Crawled caption data:
------------------------------

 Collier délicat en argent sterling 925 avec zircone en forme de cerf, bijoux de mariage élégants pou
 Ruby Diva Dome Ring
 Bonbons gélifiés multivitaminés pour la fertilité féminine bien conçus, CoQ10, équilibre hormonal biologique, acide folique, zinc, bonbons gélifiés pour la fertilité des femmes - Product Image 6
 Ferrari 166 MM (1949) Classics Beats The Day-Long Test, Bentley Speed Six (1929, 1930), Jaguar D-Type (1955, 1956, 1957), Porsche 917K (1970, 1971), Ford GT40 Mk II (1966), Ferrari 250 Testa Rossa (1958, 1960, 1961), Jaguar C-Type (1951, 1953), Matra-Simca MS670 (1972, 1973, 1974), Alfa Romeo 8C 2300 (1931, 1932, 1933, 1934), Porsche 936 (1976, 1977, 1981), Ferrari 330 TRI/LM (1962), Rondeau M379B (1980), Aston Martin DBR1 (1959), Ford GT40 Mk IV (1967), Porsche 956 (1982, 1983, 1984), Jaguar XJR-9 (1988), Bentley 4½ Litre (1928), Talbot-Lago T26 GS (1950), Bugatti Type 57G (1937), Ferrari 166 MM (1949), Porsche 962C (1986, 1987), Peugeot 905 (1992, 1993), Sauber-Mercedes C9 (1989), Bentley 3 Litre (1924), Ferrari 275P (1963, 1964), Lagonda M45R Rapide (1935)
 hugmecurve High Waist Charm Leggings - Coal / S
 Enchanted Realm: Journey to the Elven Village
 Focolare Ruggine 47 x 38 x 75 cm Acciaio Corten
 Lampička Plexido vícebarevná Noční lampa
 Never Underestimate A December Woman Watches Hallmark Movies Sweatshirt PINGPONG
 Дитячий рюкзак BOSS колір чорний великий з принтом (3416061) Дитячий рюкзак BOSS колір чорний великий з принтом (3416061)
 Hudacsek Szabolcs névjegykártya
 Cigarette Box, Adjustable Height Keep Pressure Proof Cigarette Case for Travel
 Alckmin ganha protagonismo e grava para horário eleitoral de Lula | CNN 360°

------------------------------

What you are asked to do: Nothing but the lines from the one with "принтом (3416061) Дитячий" through the last line of the records above should be retyped, and those word for word.

Worked solution:
 Дитячий рюкзак BOSS колір чорний великий з принтом (3416061) Дитячий рюкзак BOSS колір чорний великий з принтом (3416061)
 Hudacsek Szabolcs névjegykártya
 Cigarette Box, Adjustable Height Keep Pressure Proof Cigarette Case for Travel
 Alckmin ganha protagonismo e grava para horário eleitoral de Lula | CNN 360°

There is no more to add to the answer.